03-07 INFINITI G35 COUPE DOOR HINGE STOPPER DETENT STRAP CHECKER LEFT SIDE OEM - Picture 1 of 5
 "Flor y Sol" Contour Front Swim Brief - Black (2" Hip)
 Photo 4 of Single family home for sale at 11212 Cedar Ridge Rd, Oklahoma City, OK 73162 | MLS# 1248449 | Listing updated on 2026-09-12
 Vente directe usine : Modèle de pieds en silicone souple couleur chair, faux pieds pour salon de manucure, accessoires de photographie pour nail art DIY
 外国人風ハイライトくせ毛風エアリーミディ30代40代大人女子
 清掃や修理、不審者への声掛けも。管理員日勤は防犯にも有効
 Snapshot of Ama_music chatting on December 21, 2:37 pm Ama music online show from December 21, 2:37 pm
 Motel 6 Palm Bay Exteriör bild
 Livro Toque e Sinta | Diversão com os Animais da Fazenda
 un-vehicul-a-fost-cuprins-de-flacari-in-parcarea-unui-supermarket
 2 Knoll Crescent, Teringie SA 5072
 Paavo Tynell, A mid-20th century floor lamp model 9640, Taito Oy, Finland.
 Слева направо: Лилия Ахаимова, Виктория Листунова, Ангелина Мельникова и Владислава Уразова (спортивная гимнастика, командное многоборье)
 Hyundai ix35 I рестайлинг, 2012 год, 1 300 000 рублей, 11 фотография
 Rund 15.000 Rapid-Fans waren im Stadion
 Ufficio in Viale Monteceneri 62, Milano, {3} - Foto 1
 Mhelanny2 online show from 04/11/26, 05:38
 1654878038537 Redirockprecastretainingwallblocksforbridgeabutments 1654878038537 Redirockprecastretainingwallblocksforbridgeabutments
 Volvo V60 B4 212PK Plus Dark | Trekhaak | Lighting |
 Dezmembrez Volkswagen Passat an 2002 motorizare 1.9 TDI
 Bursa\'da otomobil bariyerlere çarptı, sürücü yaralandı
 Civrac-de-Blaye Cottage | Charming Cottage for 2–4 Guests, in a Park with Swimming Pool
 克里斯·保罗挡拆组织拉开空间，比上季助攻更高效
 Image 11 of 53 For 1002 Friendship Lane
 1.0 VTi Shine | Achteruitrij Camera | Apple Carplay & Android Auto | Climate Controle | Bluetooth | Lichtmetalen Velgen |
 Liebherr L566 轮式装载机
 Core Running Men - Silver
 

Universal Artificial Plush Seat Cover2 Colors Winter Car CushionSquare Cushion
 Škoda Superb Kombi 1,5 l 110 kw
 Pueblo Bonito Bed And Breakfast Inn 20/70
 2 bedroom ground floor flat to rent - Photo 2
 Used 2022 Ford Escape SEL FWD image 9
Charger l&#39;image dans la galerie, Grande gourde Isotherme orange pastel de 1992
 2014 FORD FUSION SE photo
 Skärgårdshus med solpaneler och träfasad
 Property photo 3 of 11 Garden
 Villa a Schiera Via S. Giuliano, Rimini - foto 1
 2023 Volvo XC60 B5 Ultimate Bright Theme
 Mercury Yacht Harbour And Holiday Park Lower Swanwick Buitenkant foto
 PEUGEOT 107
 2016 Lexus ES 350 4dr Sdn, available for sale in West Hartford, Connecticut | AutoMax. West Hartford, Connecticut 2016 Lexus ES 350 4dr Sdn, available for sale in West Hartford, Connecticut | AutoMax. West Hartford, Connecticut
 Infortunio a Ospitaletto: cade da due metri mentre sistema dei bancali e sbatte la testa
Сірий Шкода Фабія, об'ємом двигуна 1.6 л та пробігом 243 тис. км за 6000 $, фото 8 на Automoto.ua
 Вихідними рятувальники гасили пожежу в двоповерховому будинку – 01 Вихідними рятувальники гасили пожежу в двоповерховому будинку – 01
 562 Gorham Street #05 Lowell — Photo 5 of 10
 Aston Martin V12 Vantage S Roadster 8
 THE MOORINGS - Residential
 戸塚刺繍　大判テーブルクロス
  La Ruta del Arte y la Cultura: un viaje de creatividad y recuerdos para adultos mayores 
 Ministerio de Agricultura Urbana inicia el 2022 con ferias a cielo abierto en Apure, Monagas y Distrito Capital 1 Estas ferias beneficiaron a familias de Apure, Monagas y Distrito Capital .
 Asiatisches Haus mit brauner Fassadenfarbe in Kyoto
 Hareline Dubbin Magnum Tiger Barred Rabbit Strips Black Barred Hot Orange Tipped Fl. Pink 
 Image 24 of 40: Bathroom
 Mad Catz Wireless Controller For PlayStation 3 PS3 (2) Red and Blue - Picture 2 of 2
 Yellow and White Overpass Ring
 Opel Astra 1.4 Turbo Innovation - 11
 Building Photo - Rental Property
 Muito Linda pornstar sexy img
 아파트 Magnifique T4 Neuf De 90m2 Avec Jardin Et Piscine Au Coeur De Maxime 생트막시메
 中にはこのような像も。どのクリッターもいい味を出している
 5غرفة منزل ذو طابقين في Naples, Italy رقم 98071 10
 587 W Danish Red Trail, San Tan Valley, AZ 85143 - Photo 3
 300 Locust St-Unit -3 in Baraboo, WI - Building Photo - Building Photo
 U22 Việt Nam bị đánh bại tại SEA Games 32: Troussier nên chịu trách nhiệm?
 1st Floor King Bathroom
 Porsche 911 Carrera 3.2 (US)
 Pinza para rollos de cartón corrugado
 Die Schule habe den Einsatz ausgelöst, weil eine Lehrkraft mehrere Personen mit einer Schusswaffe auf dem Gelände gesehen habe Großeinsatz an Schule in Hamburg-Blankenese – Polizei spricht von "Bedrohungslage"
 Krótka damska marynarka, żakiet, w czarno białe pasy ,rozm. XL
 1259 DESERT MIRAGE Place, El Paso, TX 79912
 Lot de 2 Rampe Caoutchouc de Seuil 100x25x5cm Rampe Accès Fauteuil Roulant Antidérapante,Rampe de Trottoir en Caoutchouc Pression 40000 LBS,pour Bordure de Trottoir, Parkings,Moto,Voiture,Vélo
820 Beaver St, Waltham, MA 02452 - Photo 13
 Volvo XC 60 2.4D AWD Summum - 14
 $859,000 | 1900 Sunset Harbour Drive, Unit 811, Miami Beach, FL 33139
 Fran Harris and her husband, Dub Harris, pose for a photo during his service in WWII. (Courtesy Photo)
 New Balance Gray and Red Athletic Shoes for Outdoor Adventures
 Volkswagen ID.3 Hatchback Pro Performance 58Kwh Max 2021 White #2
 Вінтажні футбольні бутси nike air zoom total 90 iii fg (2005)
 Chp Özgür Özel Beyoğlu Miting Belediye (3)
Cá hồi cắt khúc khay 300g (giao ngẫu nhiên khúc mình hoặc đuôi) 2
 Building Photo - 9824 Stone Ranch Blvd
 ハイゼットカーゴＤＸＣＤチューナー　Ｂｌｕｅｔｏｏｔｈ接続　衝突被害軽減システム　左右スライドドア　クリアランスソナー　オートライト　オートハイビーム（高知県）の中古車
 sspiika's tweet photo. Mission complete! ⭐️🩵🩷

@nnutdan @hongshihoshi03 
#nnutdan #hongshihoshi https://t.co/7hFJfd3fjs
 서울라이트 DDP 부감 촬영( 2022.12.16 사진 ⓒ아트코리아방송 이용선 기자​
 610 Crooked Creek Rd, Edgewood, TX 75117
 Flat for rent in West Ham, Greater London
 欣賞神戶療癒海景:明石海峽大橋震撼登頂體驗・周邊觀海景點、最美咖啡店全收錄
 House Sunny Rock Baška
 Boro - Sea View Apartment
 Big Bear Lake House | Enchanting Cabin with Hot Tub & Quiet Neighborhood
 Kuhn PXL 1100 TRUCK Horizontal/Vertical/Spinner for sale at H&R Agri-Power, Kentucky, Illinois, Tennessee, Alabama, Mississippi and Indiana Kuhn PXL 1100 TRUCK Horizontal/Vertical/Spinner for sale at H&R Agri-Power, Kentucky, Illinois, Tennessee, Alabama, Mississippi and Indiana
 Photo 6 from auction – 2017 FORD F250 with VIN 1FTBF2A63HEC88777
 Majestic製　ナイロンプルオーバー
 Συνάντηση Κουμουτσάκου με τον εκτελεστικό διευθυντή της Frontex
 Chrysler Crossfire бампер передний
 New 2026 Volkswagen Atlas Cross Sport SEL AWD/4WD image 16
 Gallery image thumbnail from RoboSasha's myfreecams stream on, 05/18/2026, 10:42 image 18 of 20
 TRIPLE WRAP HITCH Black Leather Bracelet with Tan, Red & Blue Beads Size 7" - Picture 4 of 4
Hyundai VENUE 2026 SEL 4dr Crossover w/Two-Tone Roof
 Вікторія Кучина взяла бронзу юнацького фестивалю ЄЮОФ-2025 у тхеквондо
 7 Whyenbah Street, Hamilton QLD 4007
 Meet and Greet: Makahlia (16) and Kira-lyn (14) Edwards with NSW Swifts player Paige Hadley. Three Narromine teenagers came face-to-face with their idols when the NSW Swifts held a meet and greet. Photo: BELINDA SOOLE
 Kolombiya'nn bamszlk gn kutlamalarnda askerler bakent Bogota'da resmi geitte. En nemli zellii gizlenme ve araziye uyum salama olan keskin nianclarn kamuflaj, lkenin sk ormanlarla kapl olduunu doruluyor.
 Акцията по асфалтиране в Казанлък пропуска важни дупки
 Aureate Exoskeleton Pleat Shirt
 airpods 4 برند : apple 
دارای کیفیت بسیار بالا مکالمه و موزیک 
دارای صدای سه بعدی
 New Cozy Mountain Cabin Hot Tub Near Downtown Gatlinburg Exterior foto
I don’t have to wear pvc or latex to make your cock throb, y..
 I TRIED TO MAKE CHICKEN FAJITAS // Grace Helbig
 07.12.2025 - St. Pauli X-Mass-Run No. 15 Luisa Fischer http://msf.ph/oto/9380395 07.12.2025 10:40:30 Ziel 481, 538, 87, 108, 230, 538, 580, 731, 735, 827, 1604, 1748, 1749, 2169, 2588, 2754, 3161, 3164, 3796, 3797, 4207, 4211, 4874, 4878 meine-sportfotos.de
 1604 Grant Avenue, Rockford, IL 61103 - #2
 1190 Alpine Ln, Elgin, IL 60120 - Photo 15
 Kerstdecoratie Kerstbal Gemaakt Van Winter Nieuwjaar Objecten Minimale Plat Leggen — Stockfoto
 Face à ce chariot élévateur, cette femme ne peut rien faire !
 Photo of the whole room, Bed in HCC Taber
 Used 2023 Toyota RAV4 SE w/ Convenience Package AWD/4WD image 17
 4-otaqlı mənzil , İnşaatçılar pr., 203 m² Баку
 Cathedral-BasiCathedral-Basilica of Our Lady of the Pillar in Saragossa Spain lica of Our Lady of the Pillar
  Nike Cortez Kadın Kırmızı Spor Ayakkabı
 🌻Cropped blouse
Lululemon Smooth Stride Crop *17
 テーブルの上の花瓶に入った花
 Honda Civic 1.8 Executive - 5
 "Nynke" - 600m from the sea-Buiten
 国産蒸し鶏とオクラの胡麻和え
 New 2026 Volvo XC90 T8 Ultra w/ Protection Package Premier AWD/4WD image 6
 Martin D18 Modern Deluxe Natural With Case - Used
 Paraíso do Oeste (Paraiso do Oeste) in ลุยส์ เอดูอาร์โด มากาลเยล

**Activity:** All lines in the listing above with the string "Street" should be returned.

**Solution:**
 562 Gorham Street #05 Lowell — Photo 5 of 10
 7 Whyenbah Street, Hamilton QLD 4007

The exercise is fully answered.